Harry has taught marketing for fifteen years and is tenured. Over the past two years, several students have complained to the department chair that Harry talks about his personal life, including his sex life, in class, and encourages students to reciprocate. When the chair mentions this to Harry, he replies that he is teaching students how to “market themselves” by giving examples from his own life. He also mentions that he has “disinhibition disorder” which causes him to make “possibly inappropriate comments” from time to time.
Clem has returned from active military duty and has provided documentation of PTSD. He is taking a required course in political science. He says that he needs to sit in the back of the room where he can see everyone and requests to be exempted from the required group project on because the topic of the group project, “torture as a moral issue,” is “too upsetting” to him. He also has asked to be relieved of the requirement to read one of the required texts about the political climate of the US during the Vietnam War.

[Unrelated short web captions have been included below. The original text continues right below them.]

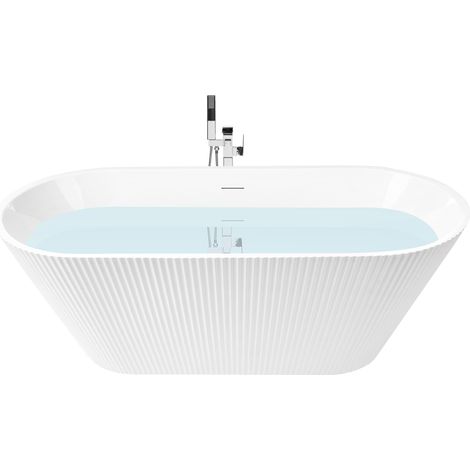 Bañera independiente de acrílico con diseño acanalado moderno 170 cm baño blanco Potosi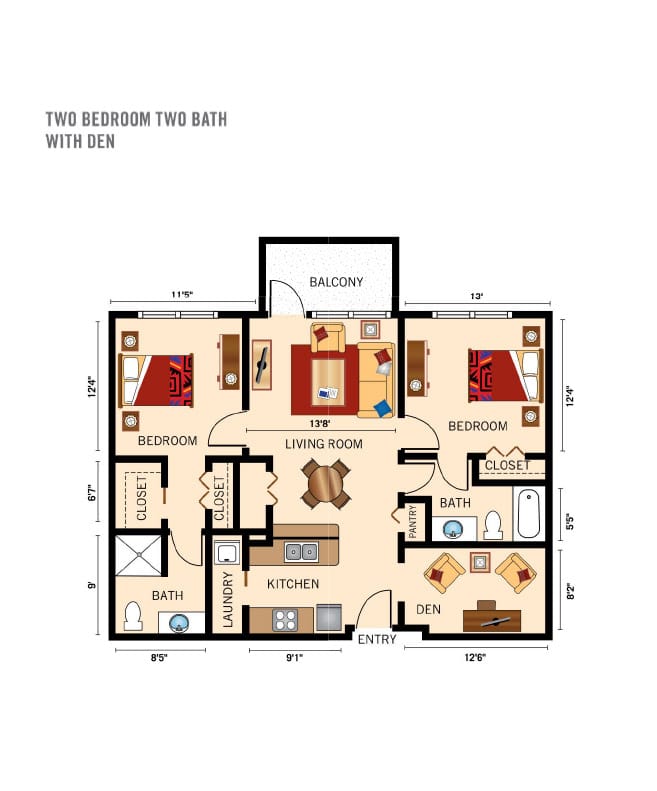 Independent Living two bedroom floor plan for The Watermark at Trinity.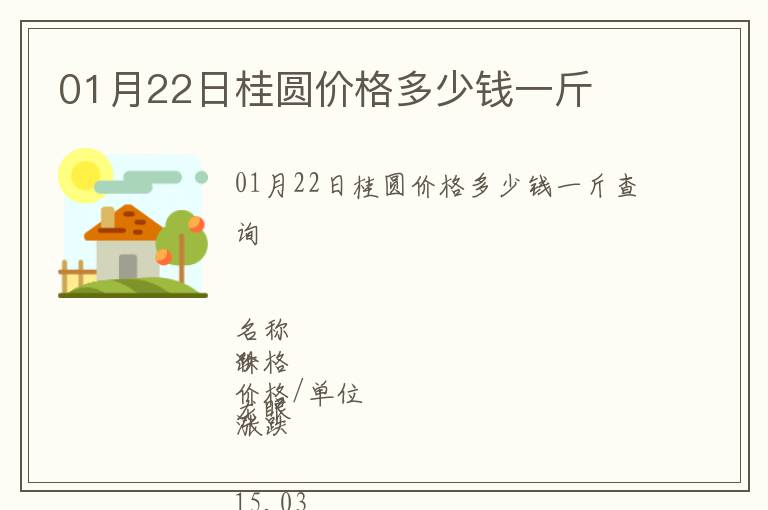 01月22日桂圓價格多少錢一斤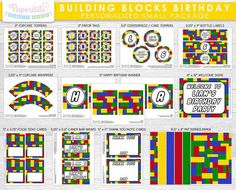 lego birthday party printables for kids and adults, including the number one on each sheet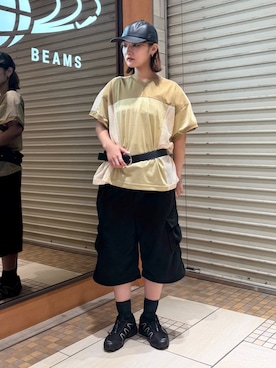 「BEAMS（ビームス）のアイテム（キャップ）」を使った、KANAKOさん（レディース・163cm）の夏コーディネート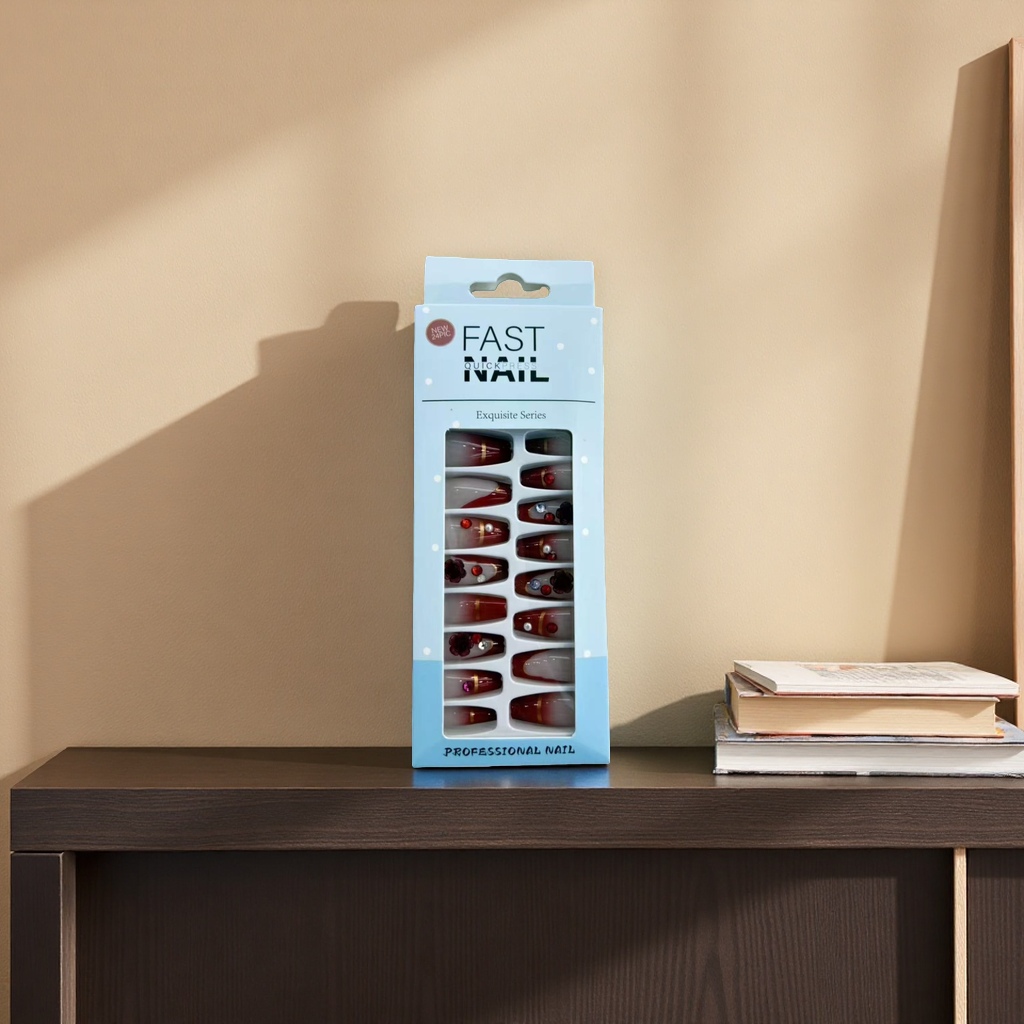 FAST NAIL Quick Nail Set 120 Nail Patches Home Nail Tool Box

Charlene is doing her required internship during the last semester of her undergraduate program in Social Work at an after school youth center. She is having difficulty getting along with her internship supervisor, who believes that Charlene is not strict enough with the children and is immature herself. After Charlene is asked to leave the internship (required for graduation), she discloses that she has ADHD and asks that she not be required to complete an internship in order to graduate, saying that the internship supervisor was “a bully and very unprofessional.”
Steve is a third-year student majoring in chemistry. He has a documented anxiety disorder and has been allowed to have his dog in the residence hall as a “comfort animal.” Steve has requested that he be allowed to bring the dog to chemistry lab because the lab is 2 ½ hours long and he doesn’t want to leave the dog alone for a lengthy period of time. He says that the dog is well behaved and that he will pay for any damage (which he says is virtually impossible) that the dog might cause.